Hillary Clinton: Assessing the “Queen of Chaos”

Author(s): 
September 1, 2016

Hillary Clinton gives a speech

Photo by Gage Skidmore

Progressives hoping for a Democratic victory in the upcoming U.S. election should be sorely disappointed by the party’s presidential nominee. So argues Diana Johnstone, journalist, author and staunch critic of U.S. foreign policy, in her book Queen of Chaos: The Misadventures of Hillary Clinton (CounterPunch, November 2015). Jeremy Appel spoke to Johnstone on the eve of the Democratic National Convention in late July about Clinton, Trump, Sanders, gender politics and the cage of the two-party system.

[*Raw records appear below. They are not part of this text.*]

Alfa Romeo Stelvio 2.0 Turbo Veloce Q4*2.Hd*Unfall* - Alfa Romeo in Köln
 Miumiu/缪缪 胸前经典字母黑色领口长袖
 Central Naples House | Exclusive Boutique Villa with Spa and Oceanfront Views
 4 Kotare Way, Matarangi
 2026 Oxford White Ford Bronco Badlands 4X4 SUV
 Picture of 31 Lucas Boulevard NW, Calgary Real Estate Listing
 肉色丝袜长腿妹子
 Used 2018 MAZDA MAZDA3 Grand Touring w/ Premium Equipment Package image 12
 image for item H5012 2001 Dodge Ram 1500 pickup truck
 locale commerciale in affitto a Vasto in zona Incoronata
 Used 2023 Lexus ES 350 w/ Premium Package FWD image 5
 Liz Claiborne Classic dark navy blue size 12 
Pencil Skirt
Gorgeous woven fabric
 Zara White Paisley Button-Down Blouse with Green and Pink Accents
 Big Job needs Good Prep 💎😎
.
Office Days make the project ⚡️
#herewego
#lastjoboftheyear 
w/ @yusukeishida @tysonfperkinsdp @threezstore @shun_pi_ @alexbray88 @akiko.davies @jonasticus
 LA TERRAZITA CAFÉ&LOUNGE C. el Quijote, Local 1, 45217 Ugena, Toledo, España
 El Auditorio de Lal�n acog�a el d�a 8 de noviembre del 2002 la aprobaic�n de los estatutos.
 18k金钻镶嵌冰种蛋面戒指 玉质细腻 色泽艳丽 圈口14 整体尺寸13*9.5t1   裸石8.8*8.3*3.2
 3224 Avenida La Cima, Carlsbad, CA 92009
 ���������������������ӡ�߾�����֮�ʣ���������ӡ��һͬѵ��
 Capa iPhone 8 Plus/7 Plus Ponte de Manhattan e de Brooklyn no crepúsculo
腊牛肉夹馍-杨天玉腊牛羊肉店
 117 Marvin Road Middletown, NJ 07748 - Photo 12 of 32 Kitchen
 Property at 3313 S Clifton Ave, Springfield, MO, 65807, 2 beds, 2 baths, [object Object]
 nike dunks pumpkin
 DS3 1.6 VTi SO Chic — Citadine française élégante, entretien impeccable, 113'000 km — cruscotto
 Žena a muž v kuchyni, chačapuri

Jeremy Appel: Your first two books, Fool’s Crusade and the Politics of Euromissiles focus on the projection of unilateral U.S. power abroad. How would Hillary Clinton differ from Donald Trump on foreign policy?

Diana Johnstone: Clinton adheres to the notion that American military power is capable of achieving just about whatever U.S. leaders want it to do. All that is needed to get our way is “resolve.” Thus she and her foreign policy clique seem confident that U.S. air strikes could counter Russian influence in Syria. Such overconfidence leads to taking grave risks without weighing the possible outcomes.So far, Trump’s foreign policy statements are somewhat ambiguous. In competition with Hillary for support from the influential pro-Israel lobby, Trump’s aggressive condemnation of the Iran nuclear deal competes with Clinton’s bellicose threats to “obliterate” Iran.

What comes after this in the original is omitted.